Resurrection - Alternative Theories

Hi @colewd and @Faizal_Ali,

I agree that at first blush, the Servant of Isaiah 53 (which you cited above) sounds a lot like Jesus. However, it would be a good idea to have a look at what Jews have to say about this passage of Scripture.

The best online Jewish response I’ve seen is by Rabbi Tovia Singer, in his article, Who is God’s Suffering Servant? The Rabbinic Interpretation of Isaiah 53. For a detailed verse-by-verse commentary, I’d refer you to the article, Isaiah 53: The Suffering Servant by Marshall Roth.

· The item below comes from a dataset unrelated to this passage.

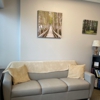 LifeStance Health gallery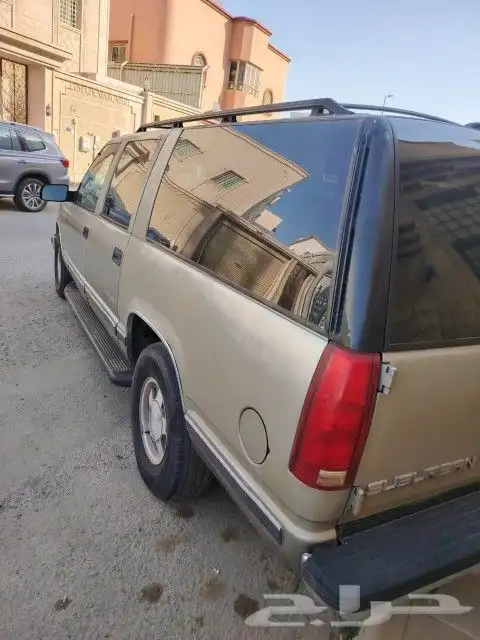 جميس سوبر بان 99للبيع 3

A. Who is the Suffering Servant?

Rabbi Singer makes the following points:

(1) The passage is the fourth of the Servant songs in Isaiah. In the first three songs, the Servant is clearly identified as Israel (see Isaiah 41:8-9, 44:1, 45:4, 48:20 and 49:3). Common sense would dictate that Israel would be the logical choice for the identity of the Servant in Isaiah 53. Moreover, according to rabbinical commentators, it is especially the faithful members of Israel, who willingly suffer for Heaven’s sake and walk in the footsteps of Abraham, who are identified in the Tanach as God’s servant (see Isaiah 41:8, 43:10).

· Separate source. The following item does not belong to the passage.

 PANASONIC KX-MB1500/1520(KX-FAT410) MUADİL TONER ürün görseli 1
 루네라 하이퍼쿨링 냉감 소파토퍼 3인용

(2) Contrary to the claims of Christian polemicists, Jewish rabbis have interpreted the Suffering Servant as the Jewish people (or the nation of Israel) for the past 2,000 years. Back in the 3rd century A.D., Origen acknowledged as much when he wrote that the Jews in his time believed that Isaiah 53 “bore reference to the whole [Jewish] people, regarded as one individual, and as being in a state of dispersion and suffering, in order that many proselytes might be gained, on account of the dispersion of the Jews among numerous heathen nations." (Contra Celsum, Chadwick, Henry; Cambridge Press, book 1, chapter 55, page 50.) The Talmud (Berakhot 5a) and the Midrash Rabba on Numbers 23 bear out this interpretation.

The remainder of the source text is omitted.